Perceptron Training Rule is an algorithm for finding the weights of a single unit (“neuron”).

What is a Unit (Neuron)?

In machine learning, a “unit” (“single neuron”) is a thing that takes some inputs, applies a weight to each input, and then based on the linear combination of the inputs and an activation function, spits out either on or off. To make our math simple, we say that if it outputs +1, it is on, if it outputs -1, it is off.

Inputs  Weights  Activation Fcn           Output
======  =======  ==============           ======

          w1
  x1 +------->  +--------------+
                |              |
          w2    |  activation  |          +1 ("on")
  x2 +------->  |   function   |  +---->
                |              |          -1 ("off")
          w3    |              |
  x3 +------->  +--------------+

The inputs are often called features. Vector form of the features is $\vec{x}$ . Vector form of the weights is $\vec{w}$ .

The activation function is simply a threshold function. A threshold function outputs +1 if the input is greater than some threshold (often 0 is chosen), else it outputs -1.

$\textit{thresholdFunction}(value) = \left\{ \begin{array}{ll} +1 & \quad value \gt 0 \\ -1 & \quad value \leq 0 \end{array} \right.$

Perceptron Training Rule Algorithm

Look at that beauuuutiful, marvelous, ASCII diagram above. We just need to find the weights (i.e. $\vec{w}$ ) that linearly separates our training data (i.e. the weights that cause our unit to output +1 for our positive training examples, and -1 for our negative training examples).

Here is ze algooooreeeiithm:

arbitrarily initialize $\vec{w}$
keep iterating through our training examples
- if with our current weights, we classified this training example correctly, don’t change the weights in response to this example
- if we classified the training example as negative when it should have been positive, 1) increase the weights associated with the positive features and 2) decrease the weights associated with the negative features. In other words, make $\vec{w} \cdot \vec{x}$ produce a greater value, so that when it goes in our activation function, it is more likely to produce +1.
- if we classified the training example as positive when it should have been negative, then we need to make $\vec{w} \cdot \vec{x}$ produce a smaller value, thus we need to 1) decrease the weights associated with positive features and 2) increase the weights associated with negative features

Those last 3 bullets, all those words, can be represented by the following mathematical expression:

$\vec{w} = \vec{w} + n(t-o)\vec{x}$

$n$ is known as the “learning rate”, and you can just make this a small positive value (like 0.1). This will determine the size of the chunks by which you update $\vec{w}$ after considering each training example.

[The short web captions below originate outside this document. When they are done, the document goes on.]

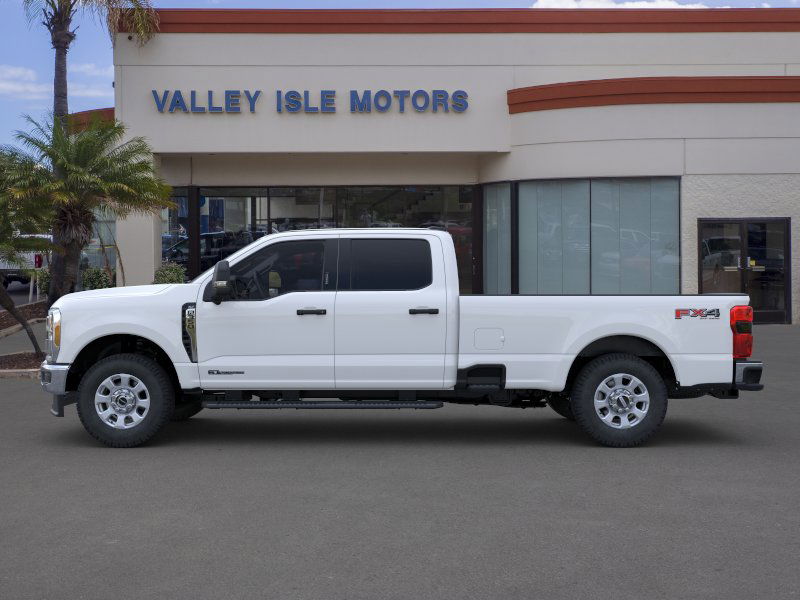 2025 Ford F-350 XLT photo 3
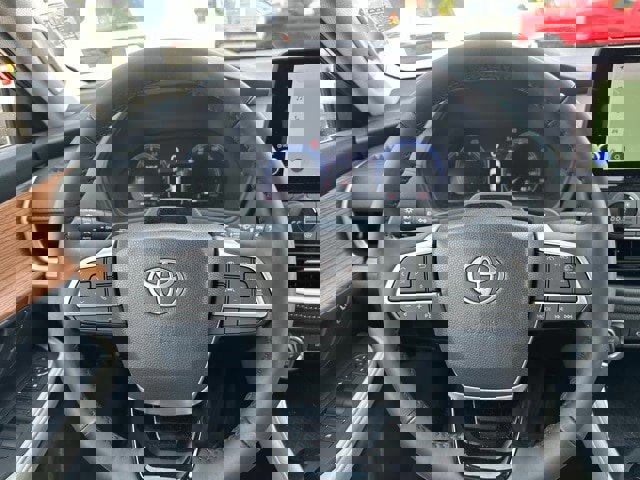 Used 2025 Toyota Grand Highlander AWD image 29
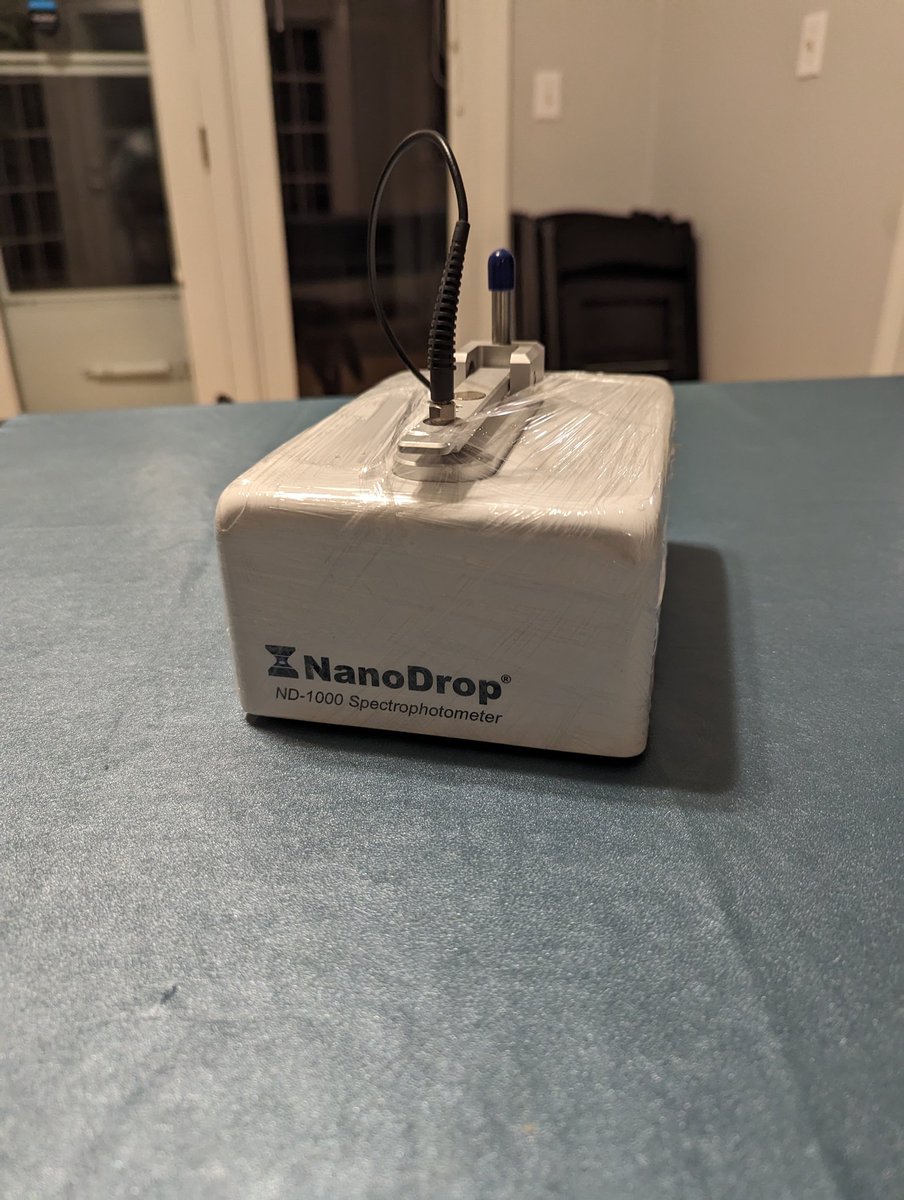Got a good deal on a used NanoDrop 1000 just to realize the software is only compatible with Windows 7 😬. Workhorse bio lab tools should be as open and well maintained as Linux. #DIYBio problems.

The $(t-o)\vec{x}$ portion of the expression is really where all of the words from the last 3 bullets went into. $t$ is the actual output for the training example, $o$ is what our unit outputs for the training example using our current weights, and $\vec{x}$ is the features vector.

Let’s consider how our first wordy bullet matches with the expression. If we classified the training example correctly, then $t = o$ , thus $t - o = 0$ , thus we don’t update $\vec{w}$ at all.

Let’s consider how our second wordy bullet matches with the expression. If we classified the training example as negative, but it should be positive, then $t - o$ is $+1 - -1 = 2$ . Thus positive 2 multiplied by $\vec{x}$ will increase the weights for all positive features, and decrease the weights for all negative features. This has the overall effect of increasing $\vec{w} \cdot \vec{x}$ , thus increasing the chance that the activation function will subsequently output +1 for this example (which is what it should output for this example).

I will leave the thinking for how the third wordy bullet matches with the expression for you.

Summary

Perceptron Training Rule is a machine learning algorithm for learning the weights of a single neuron (a single unit). It does so by constantly iterating through your training examples and updating the weights in response to each training example.

The update expression it uses is $\vec{w} = \vec{w} + n(t-o)\vec{x}$ .